Bush is No Reagan: Getting Reagan Wrong

"Ronald Reagan himself wouldn't recognize the Ronald Reagan today's conservatives are peddling. Back in the day, he could vex the right as well as the left. As we rewrite the late Gipper into our history books, the pundits claim Dubya to be Reagan's political heir.
But they're only half right. Bush the Lesser emulates Reagan's weaknesses, while discarding his virtues. Reagan's chief virtue is that he was never as naive or as stubborn as George W. Bush.
Today's GOP is the party of all tax cuts, all the time. The current administration has cut taxes every year since they came to power, promising more of the same. According to Dick Cheney, "Reagan proved that deficits don't matter." But Reagan himself might beg to differ.

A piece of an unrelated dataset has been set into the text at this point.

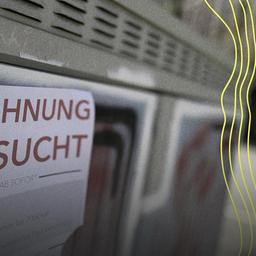 Mit einem Zettel an einer Hauswand suchen Menschen eine Wohnung in der Südstadt.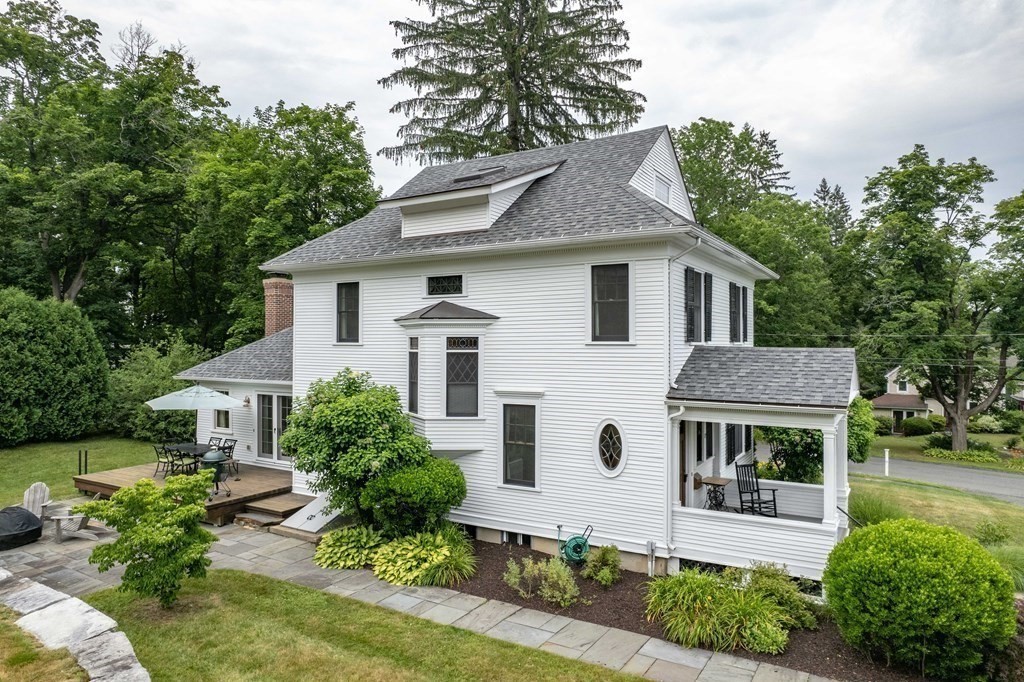 32 Gray Street Amherst, MA 01002 - Photo 5 of 42 Gallery Image 5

As bad as Reagan's deficits were, they'd have been much worse if he hadn't had the sense to realize when he'd made a mistake. Government revenues fell sharply following his 1981 tax cut--exactly the opposite of what "supply-side economists" had predicted. So Dutch signed a bill that repealed fully a third of the original cut.
Reagan, in fact, raised taxes four times in his first term alone. That includes the largest tax increase in history. Republicans like to claim that title for Bill Clinton's 1993 tax bill, but if you use constant dollars, Ron's 1983 package comes out ahead. Of course, Clinton raised taxes for the wealthy and then later cut taxes on working folks, while Reagan did just the op! po! site.
After his initial tax cuts heavily favored the wealthy, Reagan signed off on a regressive payroll tax increase that plugged the actuarial hole in the Social Security program. As a result, the trust fund is solvent until the year 2042, but 80% of the population pays more in payroll taxes than in income taxes. The Reagan administration was then able to mask the true size of their deficits by borrowing from the Baby Boomers' retirement funds--just as Bush is doing today."